Latest update August 16th, 2022 12:59 AM
Jun 25, 2022 News
Kaieteur News – The Extractive Industries Transparency Initiative (EITI), a global watchdog for the governance of oil and gas and mineral resources, in its 2022 Progress Report on Guyana, has outlined that oil contracts and the granting of licenses to permit such operations can result in citizens of a country being deprived of what they are owed financially.
The EITI Progress Report was launched on June 14, last ahead of the organization’s 53rd Board Meeting.
In the document, the transparency organization specifically highlighted that “Corruption is a pressing challenge for many resource-rich countries and a priority area for the EITI.”
It cited a statement made by the Organization for Economic Co-operation and Development (OECD), that one out of five cases of transnational corruption is linked to or directly occurs in the extractive sector.
As such, the report sought to put country leaders on notice that their citizens can be deprived of revenue through the licensing process, contract negotiations and even uncertainties in company stakes.
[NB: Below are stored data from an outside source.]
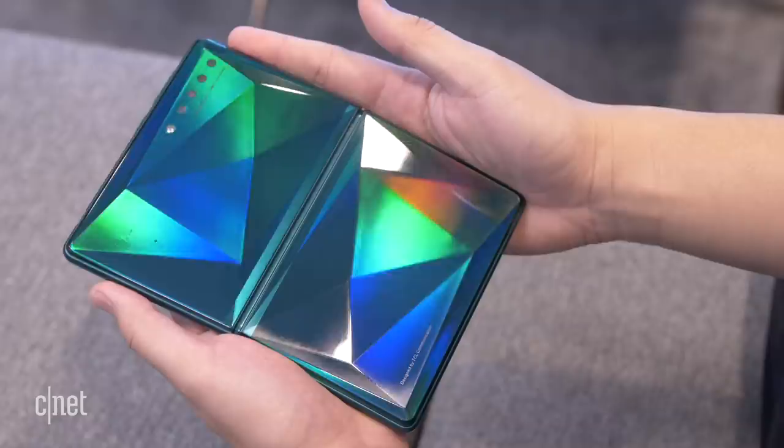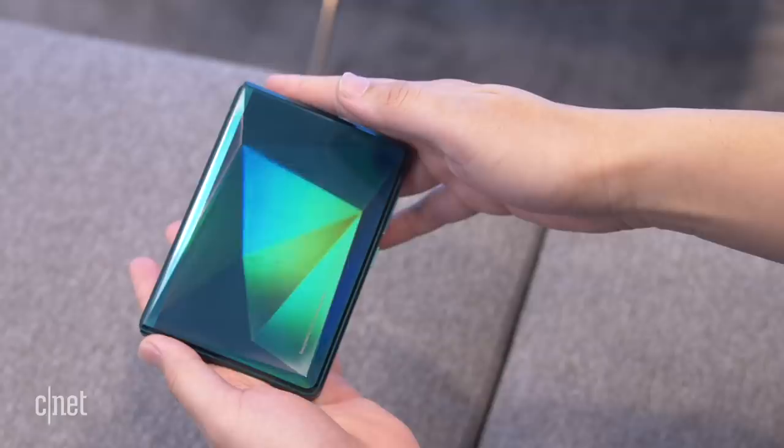I think the design here is really interesting. It is fairly thick, but also pretty sturdy. I love this emerald green color, and it kind of has these slightly raised lines, so it has this sort of diamond-cut pattern that looks pretty cool.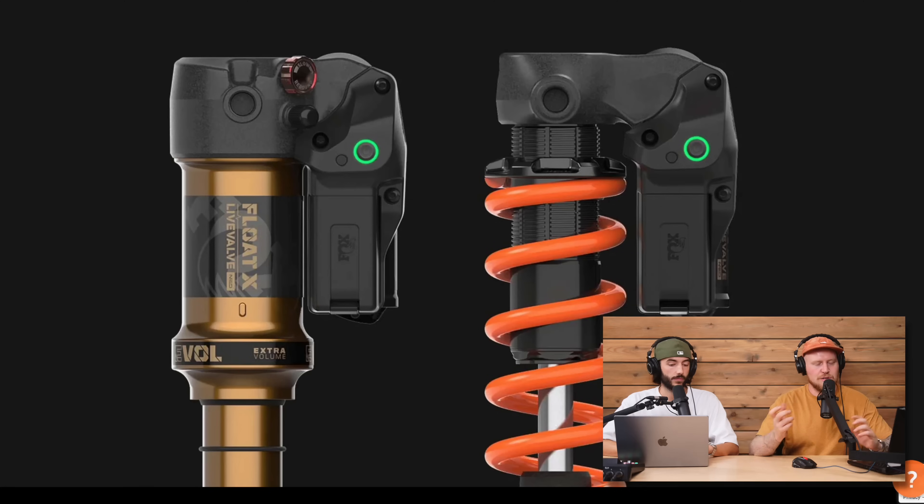Essentially you're getting a rear shock that can change from open to closed depending on the terrain. You have a sensor on your front brake, rear brake, fork, and shock to detect conditions. It's much easier to fit aftermarket compared to Flight Attendant, where you have to buy fork, shock, and everything together. It reacts to the terrain — analyzing 400 times per second — and can react in one-seventieth of a second.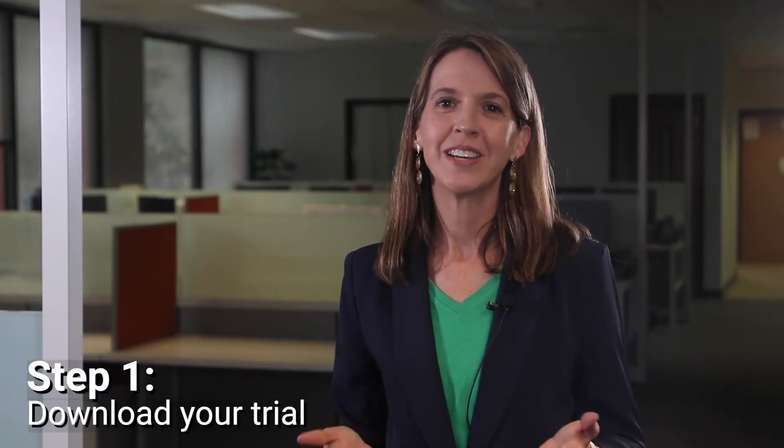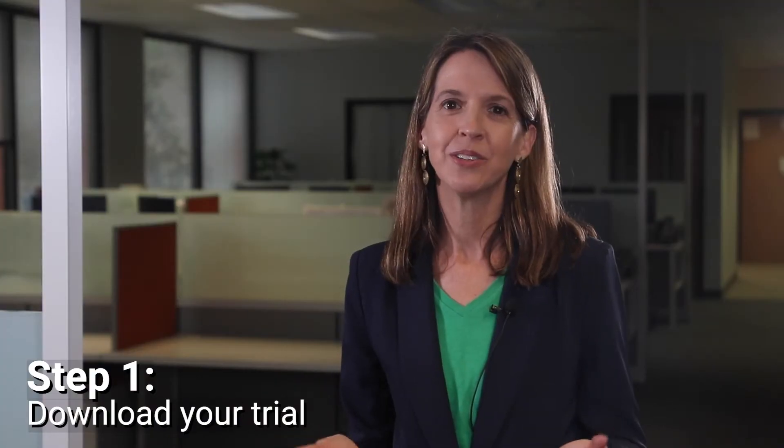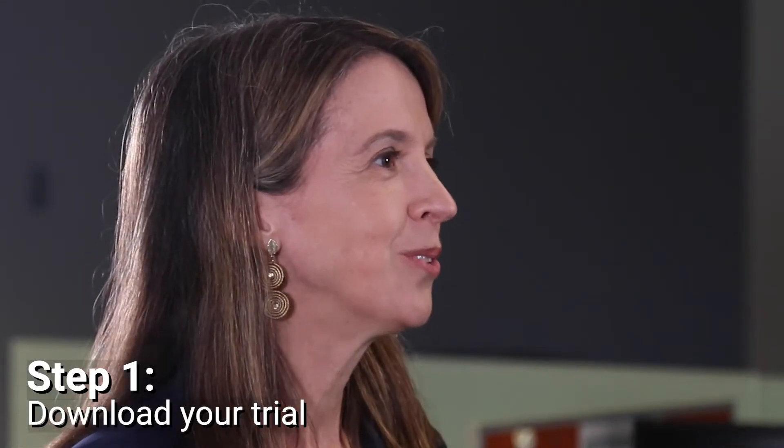BullBI is a complete product ready and available for download. You can easily register online and complete the download in just a few minutes. For those of you who like to test run products before driving them off the lot, we offer a 15-day evaluation period with all features enabled. We've also published several online samples to give you an in-depth look at the functionality of BullBI.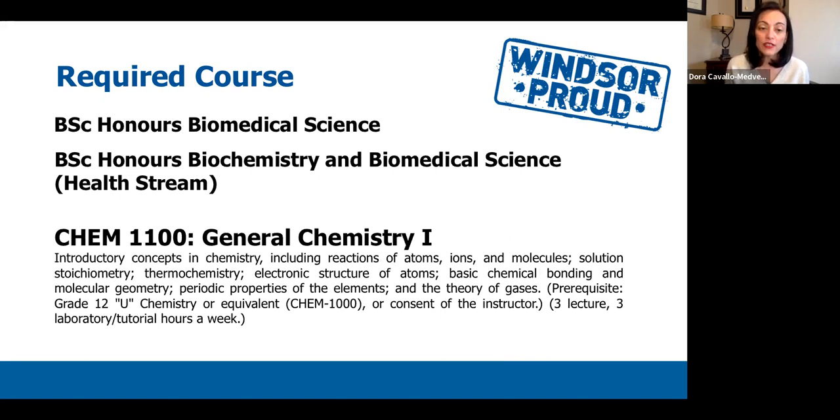The second required course is General Chemistry 1, CHEM 1100. This is required for both Honours Biomedical Science students and Honours Biochemistry and Biomedical Science Health Stream students. This is one of two introductory fundamental chemistry courses, offered in the fall, with the second offered in the winter semester. It provides an introduction to the general concepts of chemistry that you will need to build your foundation for further chemistry courses in the future.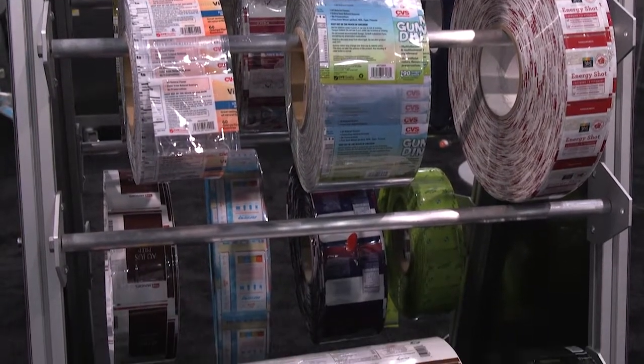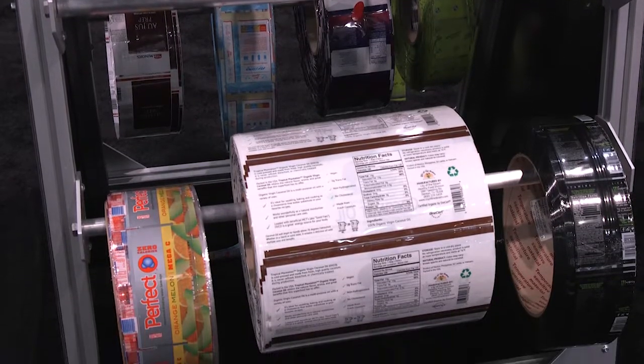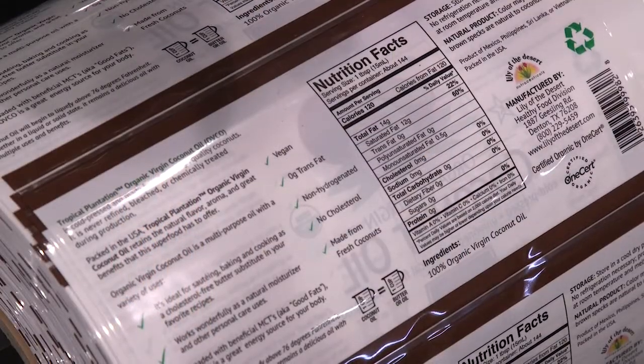Additionally, we're able to finish the labels on roll stock or pre-cuts. From small production to large volume runs, we'll be able to find the shrink sleeving solution for you.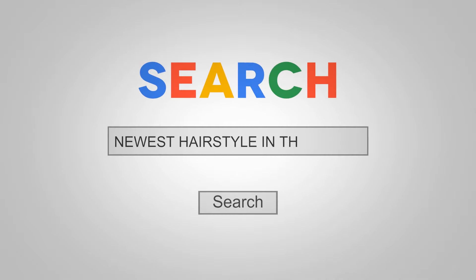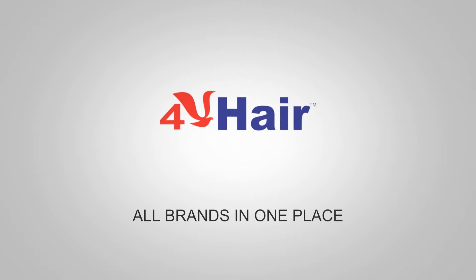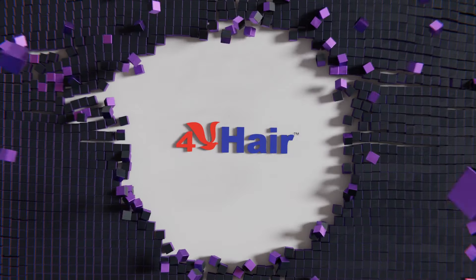There are a lot of hair extension products on the market, but it's difficult to know which ones are good quality at an affordable price. 4U Hair Unlimited makes high-quality human hair extensions that can be used by everyone from professional stylists to salon owners.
According to the 2022 EITI Progress Report, “Opacity in company ownership structures, licensing processes, contract negotiations and transactions can make lucrative extractive projects especially vulnerable to abuse or illicit enrichment, depriving citizens of the revenues they are owed.”
The body said, while there is a shared view among stakeholders that addressing corruption risks is implicit in implementation of the EITI Standard, the EITI Board recognised a need to clearly articulate the EITI’s role in deterring corruption and mitigating corruption risks.
To this end, the EITI said that back in December last, it issued guidance for multi-stakeholder groups to identify and address corruption risks through EITI implementation.
Several countries have also integrated anti-corruption activities in their work plans, including Burkina Faso, Mongolia, the Philippines and Togo, the report explains.
Locally, members of civil society as well as the political Opposition, has chided the government for renewing the operations of US oil major- ExxonMobil- at the Liza One Field, without securing more revenue for the citizens of the country.
In fact, even international experts were lobbying the leaders to use the renewal of the license to rake in more value for its people.
The Opposition Leader, Aubrey Norton, after the environmental permit was renewed told Kaieteur News in an invited comment that the Government of Guyana has missed an opportunity, in keeping with the law, to secure better terms for its people, by failing to exploit the renewal of the Liza One Permit.
According to Norton, “the opportunity was provided that it be done within the law, and the opportunity should have been taken. Unfortunately, the government didn’t take it and the Guyanese people will suffer because of government’s inaction on a matter in which conditions conducive to dealing with the issue existed but the government did not utilise it.”
The Leader of the Opposition was also keen to note that while he believes in the sanctity of contracts, the Liza One Permit could have been used to rake in a better deal, without touching the Production Sharing Agreement (PSA) government signed in 2016 with the oil company.